RECORDS PROVIDED:
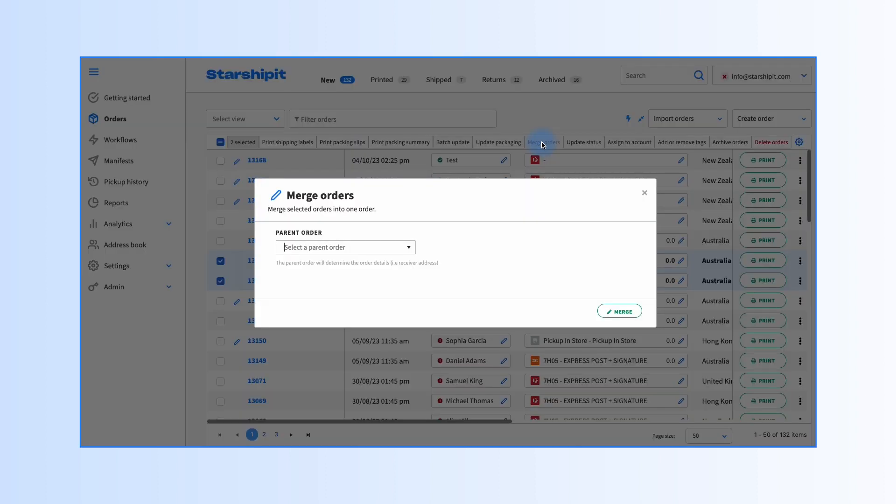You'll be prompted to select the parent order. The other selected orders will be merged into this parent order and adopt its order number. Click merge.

---

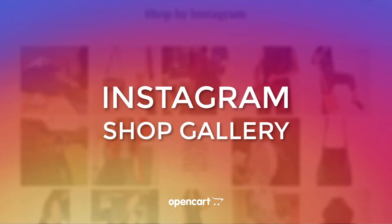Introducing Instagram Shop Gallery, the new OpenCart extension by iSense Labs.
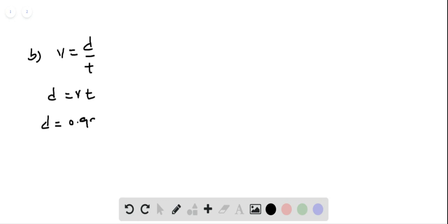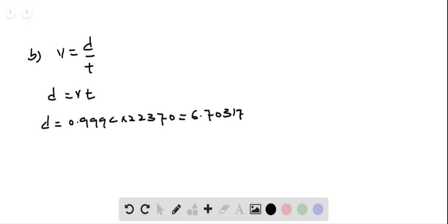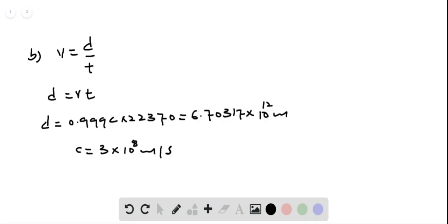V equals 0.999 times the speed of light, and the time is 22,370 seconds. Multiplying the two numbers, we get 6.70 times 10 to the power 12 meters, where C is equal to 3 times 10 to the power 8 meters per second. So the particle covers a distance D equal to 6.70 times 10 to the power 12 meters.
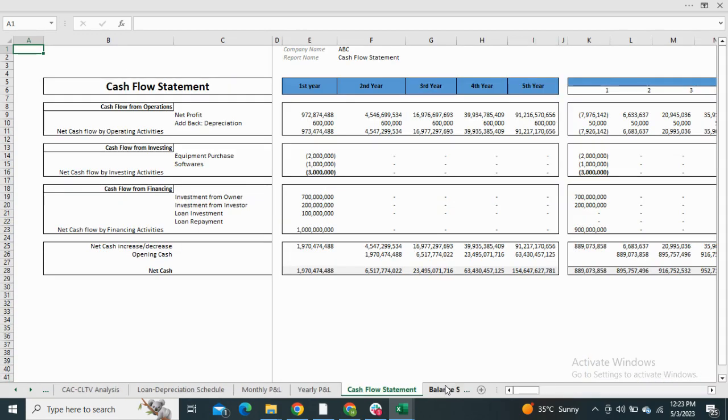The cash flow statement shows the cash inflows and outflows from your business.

WORK REQUEST: Reproduce exactly the lines above that run from the one with "Introducing Instagram Shop" to the one with "The cash flow", both included, leaving pictures out.

RESPONSE AREA:
Introducing Instagram Shop Gallery, the new OpenCart extension by iSense Labs.
V equals 0.999 times the speed of light, and the time is 22,370 seconds. Multiplying the two numbers, we get 6.70 times 10 to the power 12 meters, where C is equal to 3 times 10 to the power 8 meters per second. So the particle covers a distance D equal to 6.70 times 10 to the power 12 meters.
The cash flow statement shows the cash inflows and outflows from your business.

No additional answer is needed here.